フランシスコ・ザビエル(1506-1552)はイエズス会の創始者7名の内の一人です。1540年にローマ教皇パウルス3世(1468-1549,在位期間1534-1549)によってイエズス会が認可されると、ポルトガル王のジョアン3世(1502-1557)の求めに応じて、伝教のためにアジア地域へと旅立ちました。その後、カトリックはインドやマラッカ王国、日本などへ伝えられました。ザビエルは1552年に広東外海に位置する上川島で病により逝去し、中国大陸への伝教はついにかないませんでした。

ザビエルの死後30年間、明代から清代にかけて倭寇禁圧と密貿易取締りのために海禁令が発布され、宣教師たちも中国大陸での布教を果たすことができませんでした。1573年にアレッサンドロ・ヴァリニャーノ(1539-1606)がイエズス会東インド管区の巡察師となりました。ヴァリニャーノは直接的な布教方法に異を唱え、布教の前にその国の言語を学び、現地の社会風俗や民族性をよく理解するべきだと主張しました。それから9年後の1582年12月にミケーレ・ルッジェーリ(1543-1607)とマテオ・リッチ(1552-1610)の二人がついに広東の肇慶に到達し、「僊花寺」を建立しました。マテオ・リッチは韶州や南昌、南京、北京などを訪れ、最後は北京で生涯を終えましたが、中国大陸で過ごした間に士大夫達と交遊を持ち、知識を伝える形で布教を試みたほか、キリスト教徒の徐光啓などと協力して西洋の書籍を翻訳し、ヨーロッパの自然哲学や音楽、暦法、数学などの知識を紹介しました。マテオ・リッチとそれに続く宣教師たちは、カトリックの影響力を拡大しただけでなく、積極的に東西の交流と相互理解を促進させたのです。
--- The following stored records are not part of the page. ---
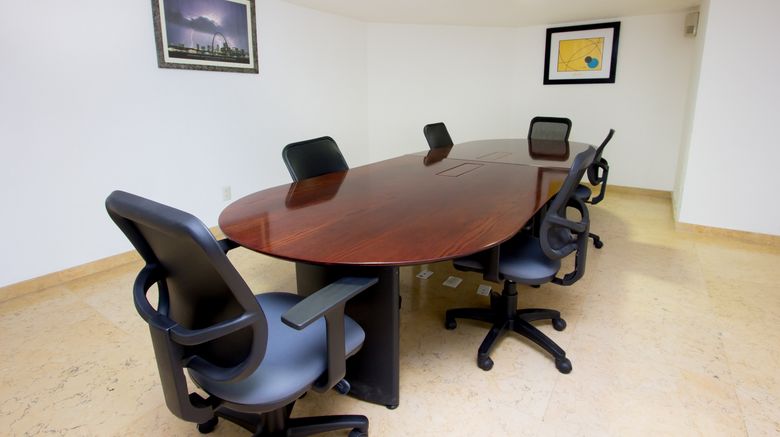 <b>Holiday Inn Express Nuevo Laredo Meeting</b>. Images powered by <a href="https://www.leonardoworldwide.com/" title="Leonardo Worldwide" target="_blank">Leonardo</a>.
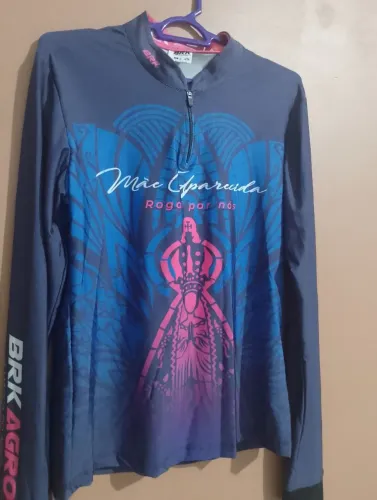 Camiseta manga cumprida com fator UV 50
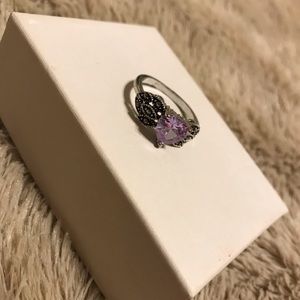 💜Ring With Purple Heart Shaped Gem💍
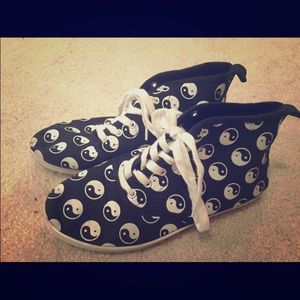 UNIF style Yin and Yang Sneakers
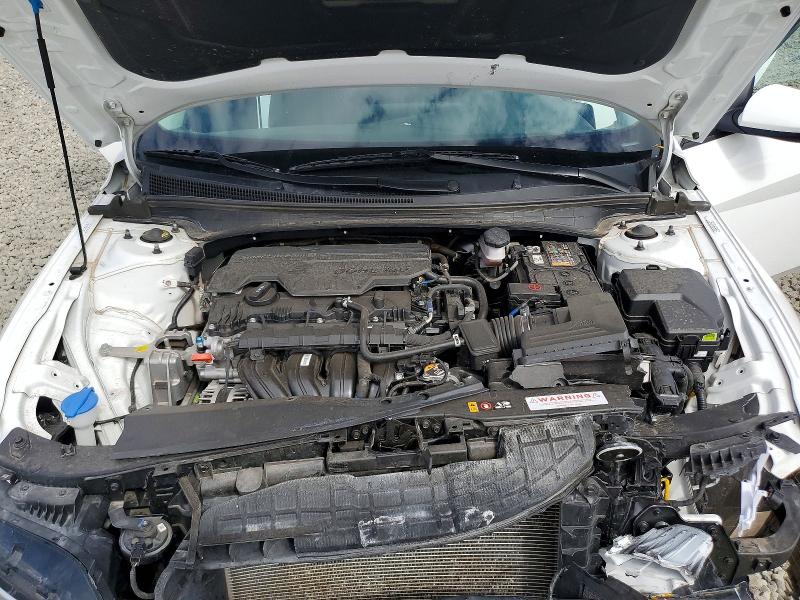 Снимка 11 от търг – 2024 HYUNDAI ELANTRA с VIN KMHLL4DG2RU670850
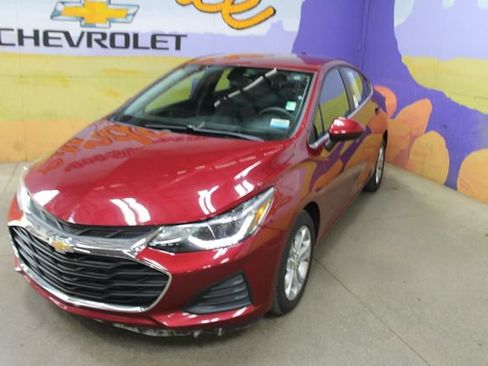 Used 2019 Chevrolet Cruze LT FWD image 4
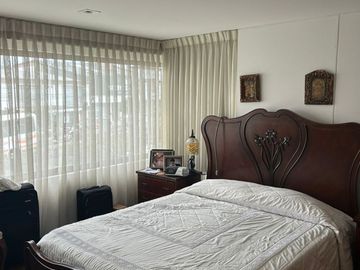 SE VENDE APARTAMENTO AMPLISIMO EN EL SECTOR DEL CABLE CON ASCENSOR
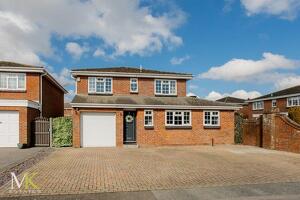 Picture #0 of Property #1244246541 in Sandringham Close, Bournemouth BH9 3QP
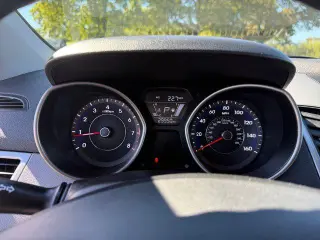 Hyundai ELANTRA 2015 SE 4dr Sedán 6M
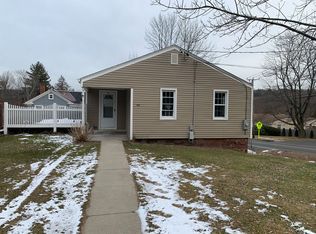 54 Elm St, Tariffville, CT 06081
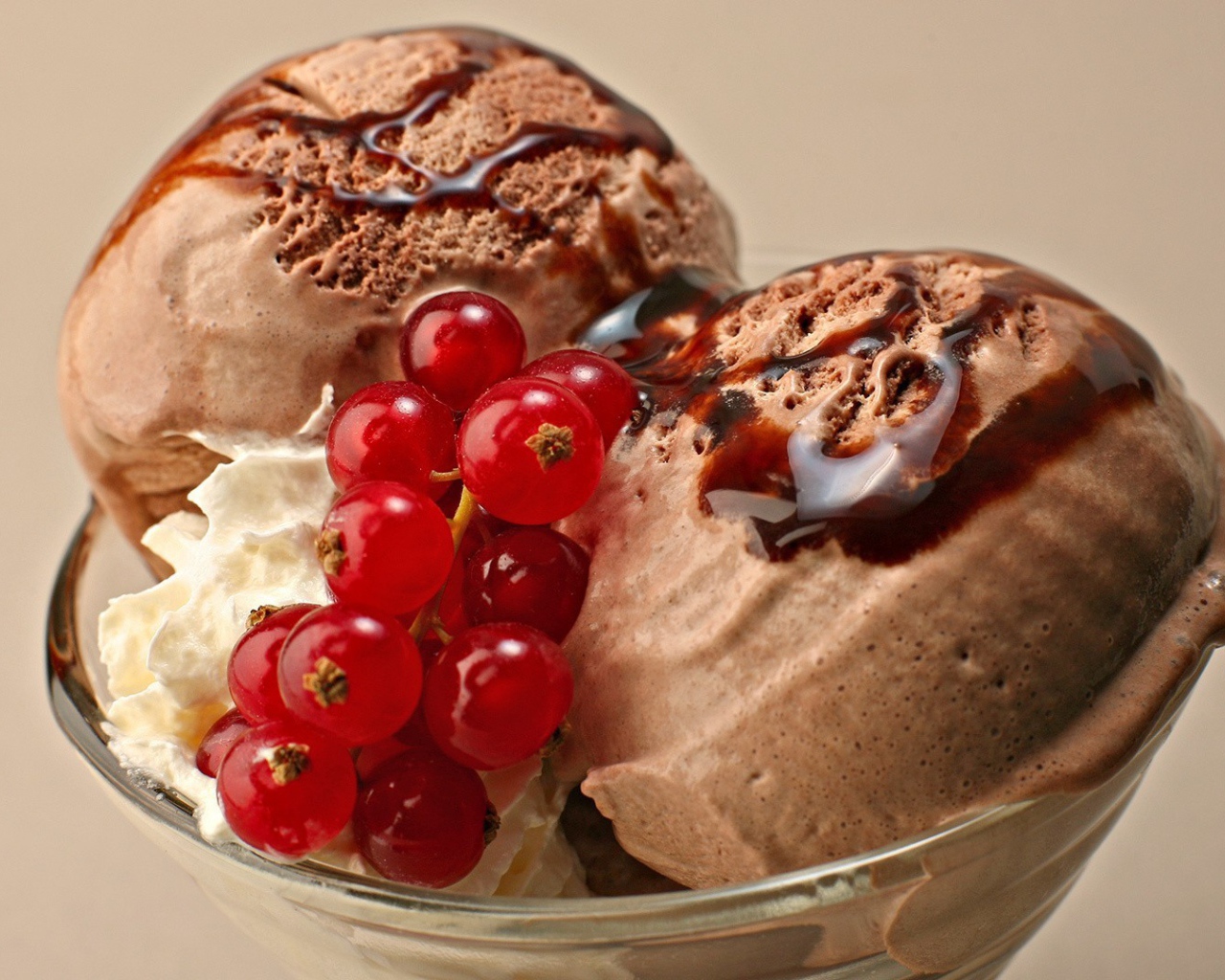 Шоколадное мороженое с красной смородиной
フランシスコ・ザビエル(1506-1552年)の聖骨箱と聖遺物

  1. G. Vamona Modcoicar製作
  2. 1843-1900年 インド ゴア
  3. 銀、エナメル、木材、宝石、ガラス
  4. 長さ47cm 幅 40cm 高さ30cm
  5. バチカン 教皇儀典室所蔵

この聖骨箱は金細工師で宝石職人でもあったヴァーマナ・マドコイカ(G. Vamona Modcoicar)が1843年から19世紀末の間に完成させた。マドコイカの出身地パナジ(旧ノヴァゴア)はインドのゴア州の州都で、インド西南部の海岸沿いに位置している。マドコイカは聖フランシスコ・ザビエルの遺骨を納めた棺を縮小版を製作した。フランシスコ・ザビエル(Francisco de Xavier)はイエズス会の神父で、インドや日本などで伝教に努めた福音の使徒でもあり、宣教師の守護聖人でもある。1619年10月25日にパウルス5世(在位期間1605-1621)により列福され、1622年3月12日にグレゴリウス16世(在位期間1621-1623)によりイエズス会創始者のイグナチオ・デ・ロヨラ(Ignacio López de Loyola)とともに列聖された。ザビエルの遺骨を納めた銀製の骨壷はイエズス会士のマルチェロ・マストリリ(Marcello Mastrilli)によって製作が始められ、インドだけでなくヨーロッパ各地の芸術家の共作により、1637年に完成した。この作業に最も大きく貢献したのが、オランダ人のバレリアン・ルナール(Valerian Regnaer)だった。ザビエルの墓は旧ゴアに位置するジェズス大聖堂にある。より正確に言うならば、トスカーナ大公コジモ3世(1642-1723)がフィレンツェの彫刻家フォッジーニ(Giovanni Battista Foggini)に建造させた陵墓に安置されている。この陵墓は10年の歳月を費やして1698年に完成した。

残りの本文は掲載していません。